Community, Diversity, Sustainability and other Overused Words
Hurricane Kay was expected to bring 100 MPH winds into the mountains east of San Diego.
Rarely have I seen a turn in the weather so abrupt as this Friday afternoon. Suddenly, the 97 degree heat and humidity has persisted for 2 weeks in Santa Monica was just over. The palm trees started swaying in the wind. The clouds blocked the sun and rain started falling on the parched landscape.
Hurricane Kay was expected to bring 100 MPH winds into the mountains east of San Diego. On pricey Montana Avenue, people hurried to escape the coming storm.

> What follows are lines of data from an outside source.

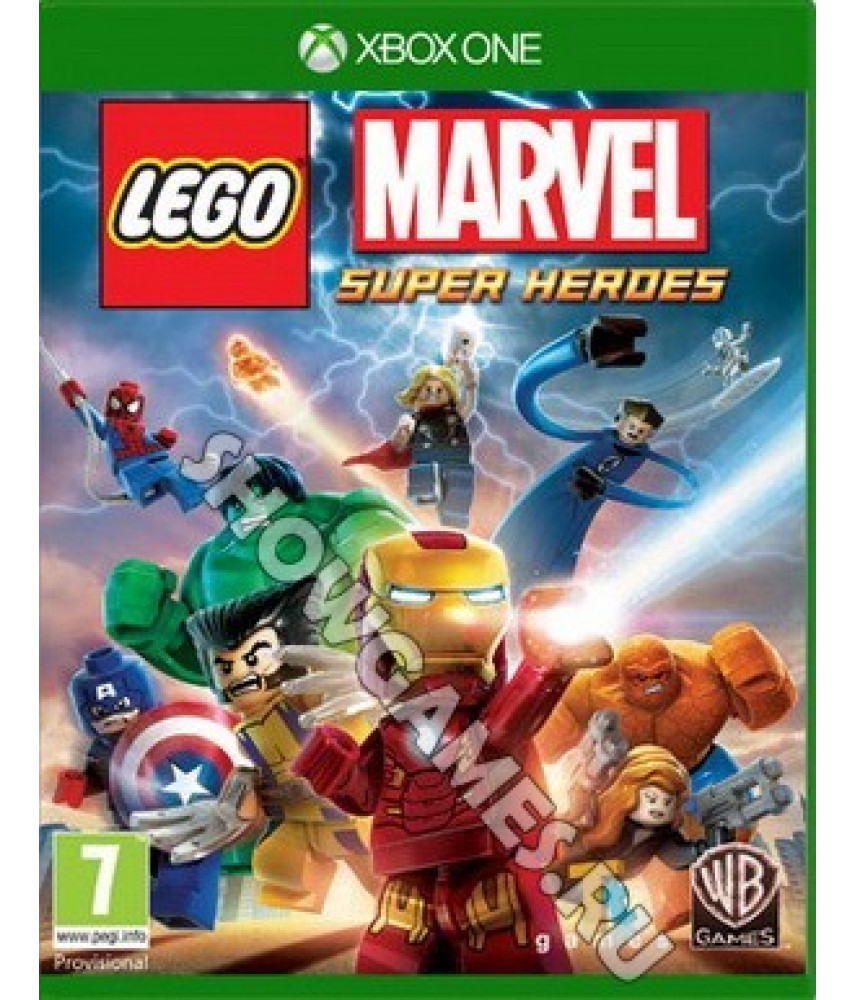 LEGO Marvel Super Heroes (Xbox One, английская версия)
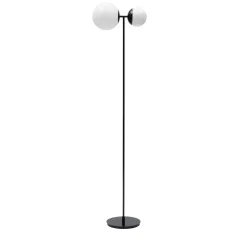 Lampada da terra Biba Black di Lorenza Bozzoli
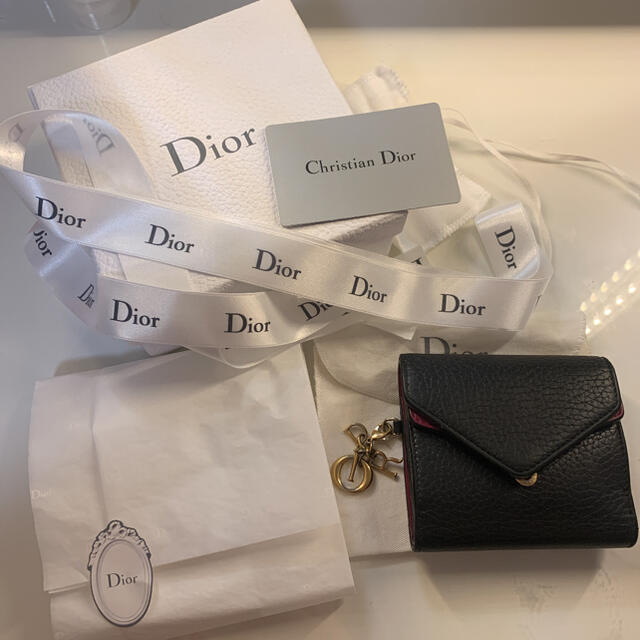 Dior ディオール ディオリッシモ 三つ折り財布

While Kay has weakened to a tropical storm, it is still packing sustained winds. And it is enhancing winds through mountain terrain – similar to a Santa Ana wind event – to much stronger gusts, including a 109-mph blast Friday at Cuyamaca Peak in the San Diego Mountains, the National Weather Service reported.
As Kay’s rotating winds push warm, dry air from the east, much of Southern and Central California – already baking through a climate crisis-fueled heat wave – will stay under excessive heat warnings through 8 p.m. Friday. And concern is growing that erratic, strong winds will spread already-burning wildfires, including the Fairview Fire, which has killed two people and exploded in size this week, forcing evacuations as it’s burned more than 27,400 acres.
“With the really strong winds, we could continue to see the fires that are already burning continue to burn and spread before the rain actually gets here,” the National Weather Service in San Diego told CNN.
Rain from Kay has begun falling Friday in far Southern California, including San Diego, and far southwest Arizona, including Yuma, as flash flooding risks increase.
The weather service said in a 1:40 p.m. PT update heavy rain continued in the San Diego deserts and rain bands were pushing into Orange and Riverside counties.
While the rain is due by Saturday to quell the crushing heat – bringing relief to weary residents and power grid operators who’d prepped for rolling outages – it also could trigger debris flows, especially in places just ravaged by fire. A flash flood warning is in effect in southwestern Imperial County. And the weather service office in Flagstaff, Arizona, warned of life-threatening flash floods in Cococino County of “low-water crossings, creeks, normally dry washes and roads.” Grand Canyon National Park is included in the warning, the weather service said.
Flood watches cover more than 6 million people across Southern California, including Palm Springs, Riverside and Barstow; southern Nevada, including Las Vegas; and western Arizona, including Yuma, Lake Havasu City and Kingman.